Repeat exactly what runs from the line with "Image 1 : 1970's Light Up Coca-Cola Clock" through the last line of the material, and keep the pictures out of it.

**** Material to process

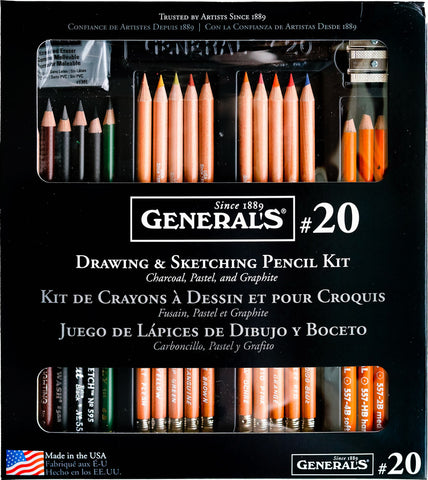 General Pencil Co. Drawing & Sketching Pencil Kit (22pc)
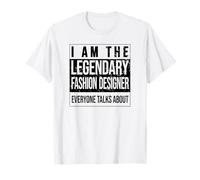 Legendario Compleanno Nato Fashion-Designer Maglietta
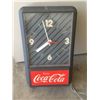 Image 1 : 1970's Light Up Coca-Cola Clock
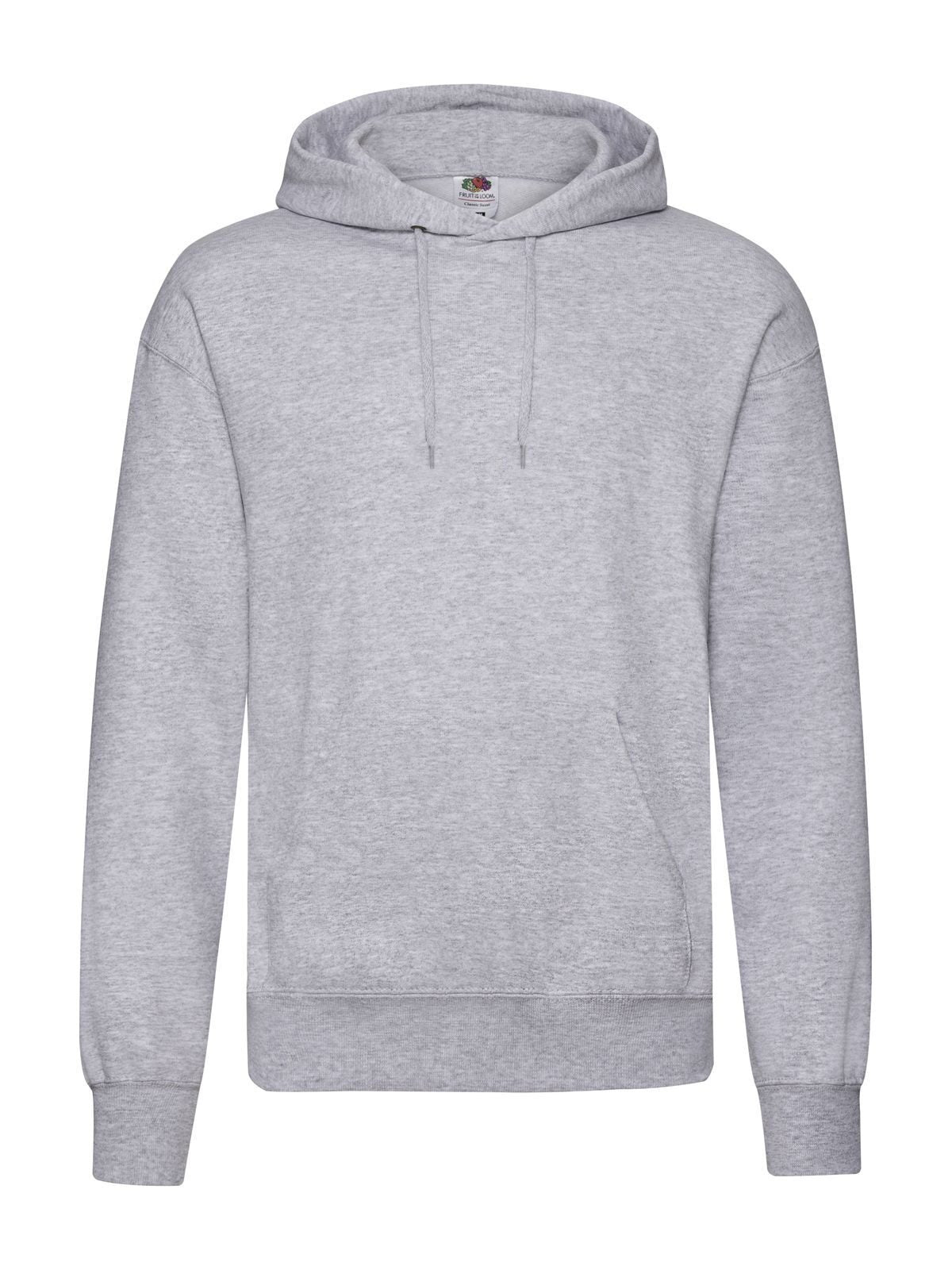 Classic Hooded Sweat Fruit of the Loom Heather Grey
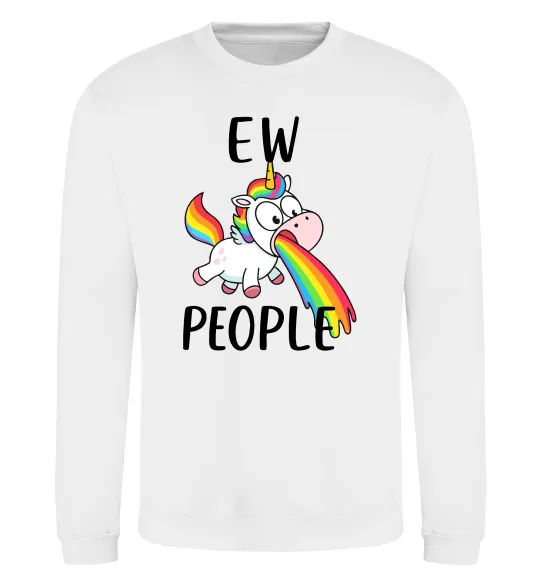 Свитшот Ew people Белый фото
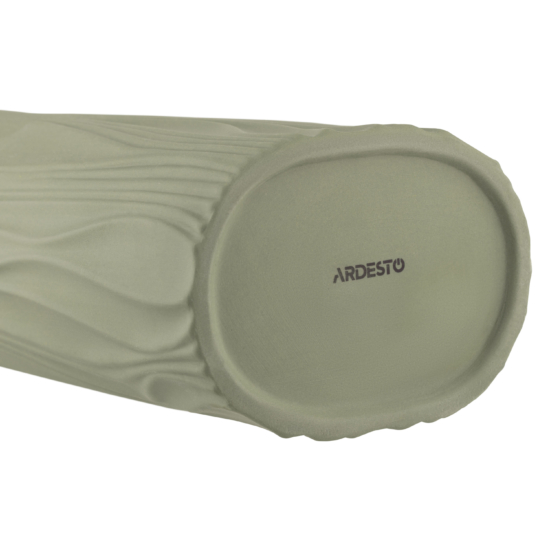 Ardesto Vase Liguria, 12.2x24cm, porcelain, green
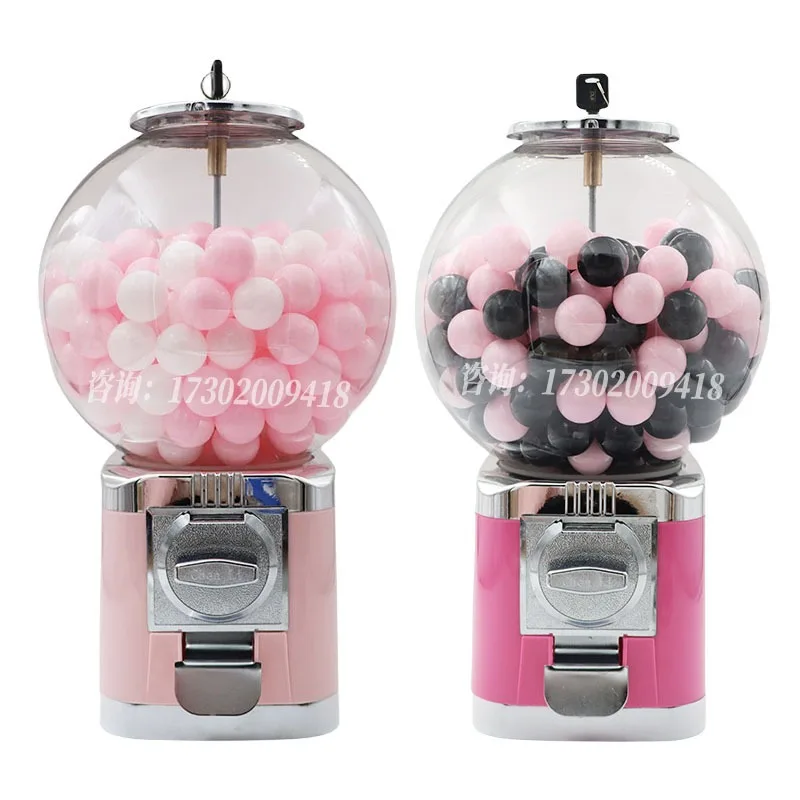 Store 25IN Small Candy Dispenser Children\'s Candy Machine Money Organizer No Coin Home Decoration and Table Accessories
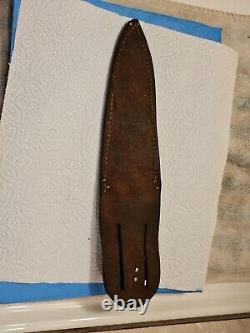 Rare Early 1900s Hibbard Spencer Bartlett& CO England. Stag Knife With Sheath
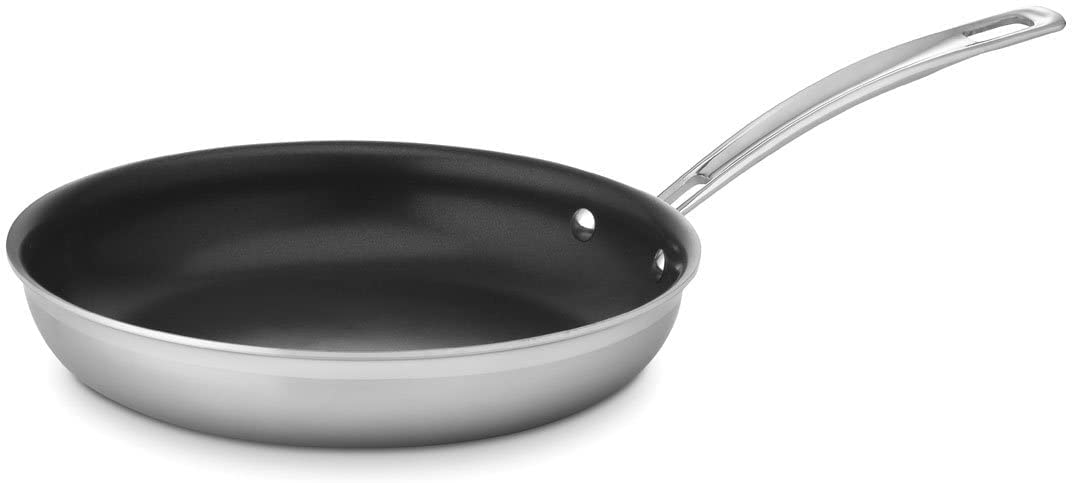 Cuisinart MultiClad Pro 12" w/Helper Handle Skillet, Inch, Non Stick Stainless Steel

********

_Answer area_.
 Image 1 : 1970's Light Up Coca-Cola Clock
 Classic Hooded Sweat Fruit of the Loom Heather Grey
 Свитшот Ew people Белый фото
 Ardesto Vase Liguria, 12.2x24cm, porcelain, green
 Store 25IN Small Candy Dispenser Children\'s Candy Machine Money Organizer No Coin Home Decoration and Table Accessories
 Rare Early 1900s Hibbard Spencer Bartlett& CO England. Stag Knife With Sheath
 Cuisinart MultiClad Pro 12" w/Helper Handle Skillet, Inch, Non Stick Stainless Steel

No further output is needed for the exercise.